Brief descriptive captions:
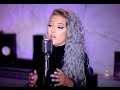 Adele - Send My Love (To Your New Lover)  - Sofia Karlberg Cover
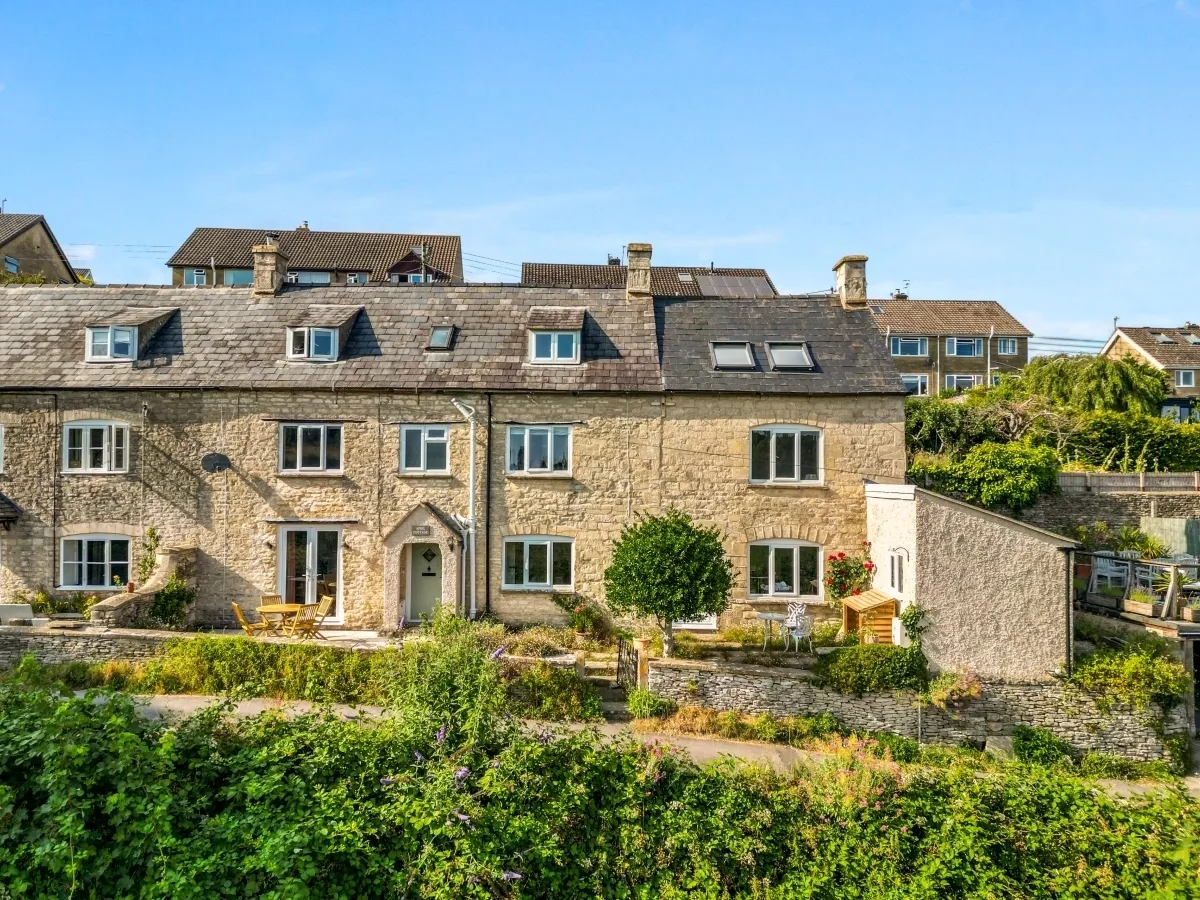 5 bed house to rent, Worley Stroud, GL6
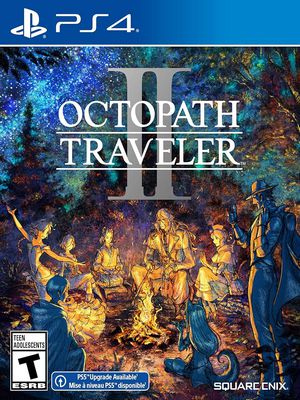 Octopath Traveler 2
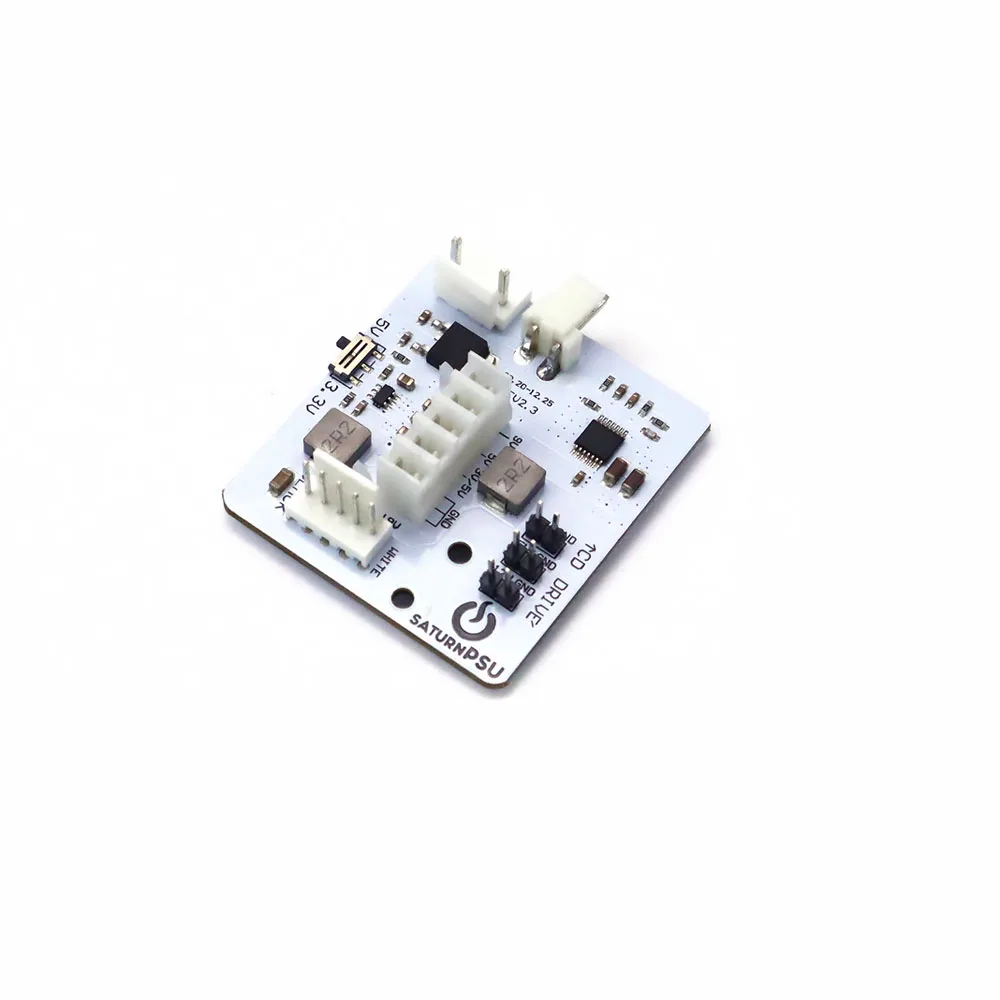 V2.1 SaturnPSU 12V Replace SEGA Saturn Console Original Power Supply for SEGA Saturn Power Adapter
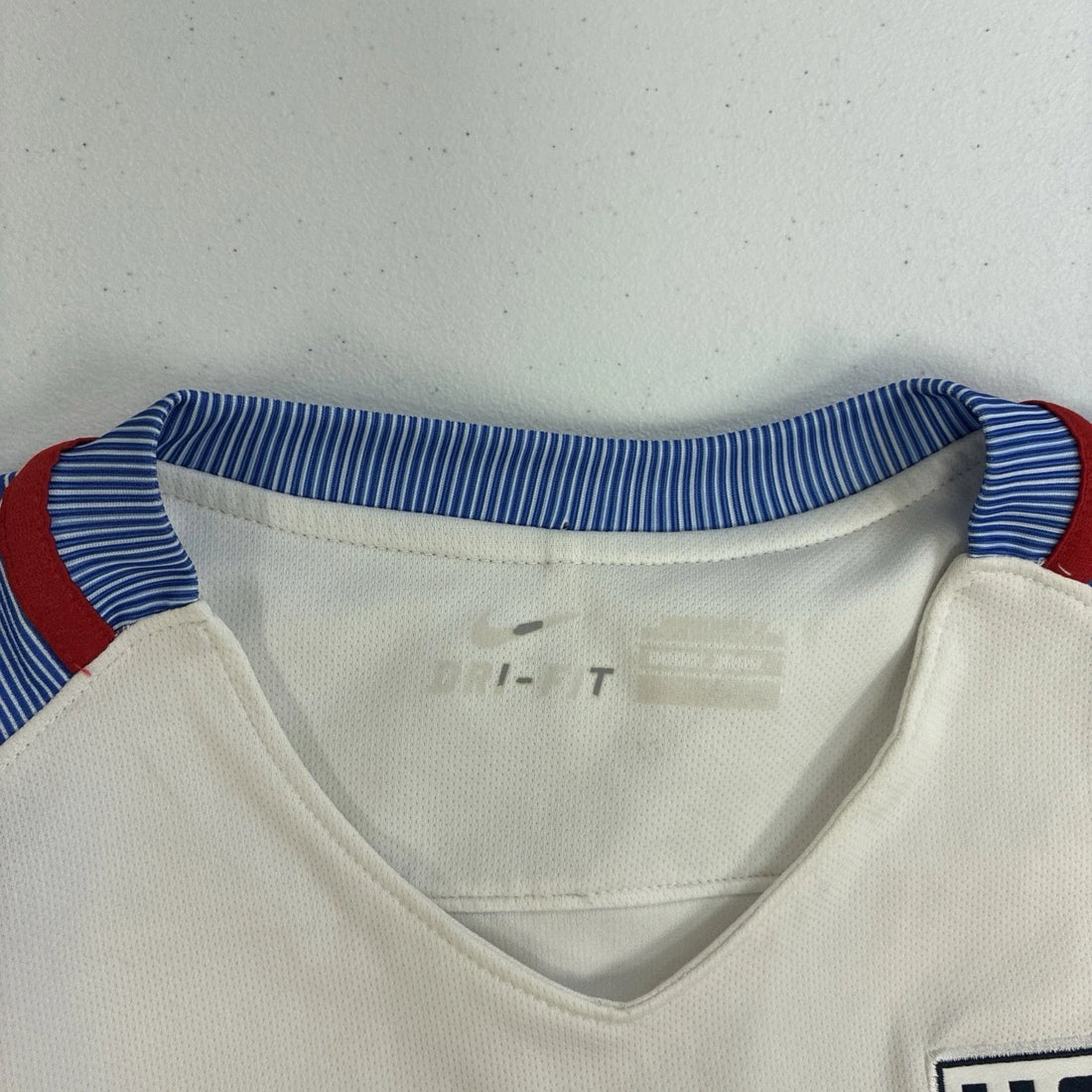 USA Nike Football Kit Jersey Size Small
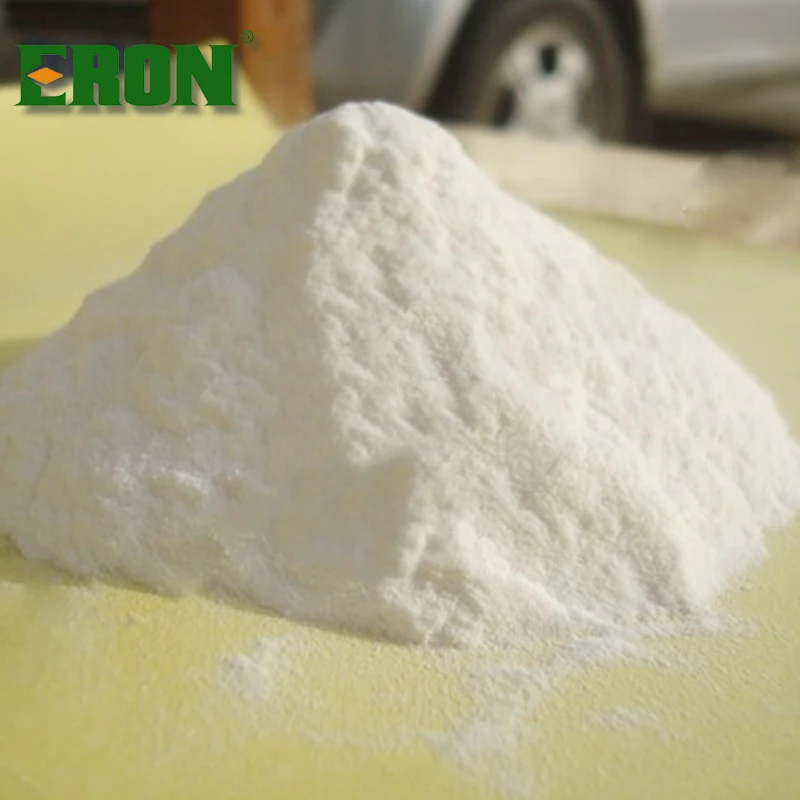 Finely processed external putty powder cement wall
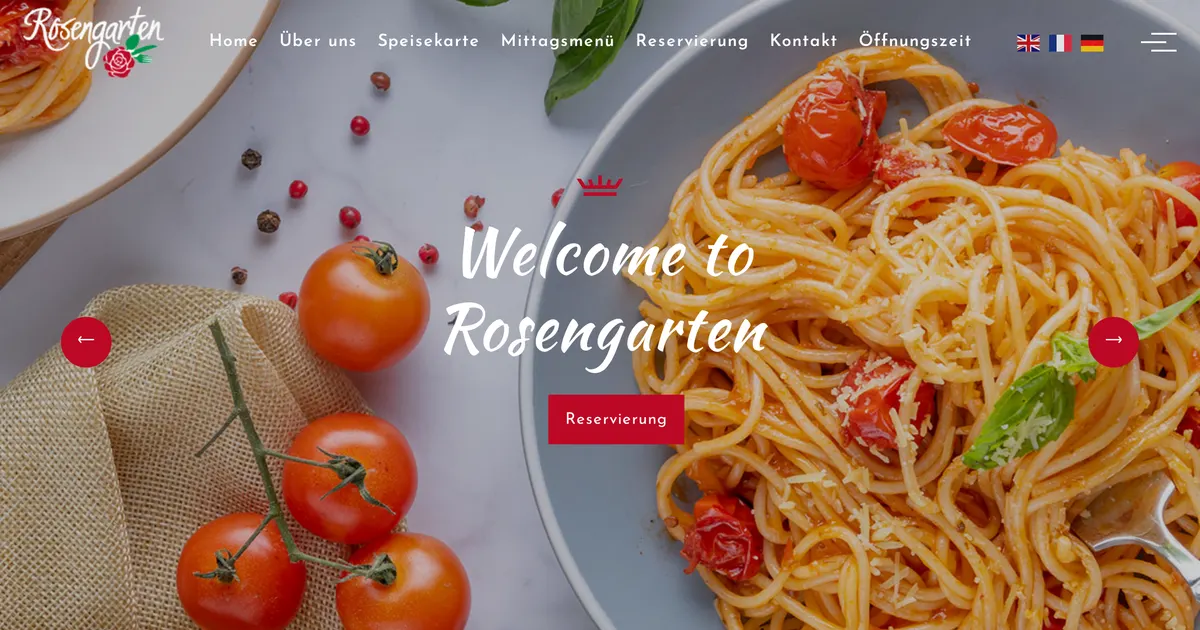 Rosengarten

* [EXERCISE DIRECTIONS]: All of the data must be repeated exactly, except for the pictures.

* [TASK SOLUTION]:
 Adele - Send My Love (To Your New Lover)  - Sofia Karlberg Cover
 5 bed house to rent, Worley Stroud, GL6
 Octopath Traveler 2
 V2.1 SaturnPSU 12V Replace SEGA Saturn Console Original Power Supply for SEGA Saturn Power Adapter
 USA Nike Football Kit Jersey Size Small
 Finely processed external putty powder cement wall
 Rosengarten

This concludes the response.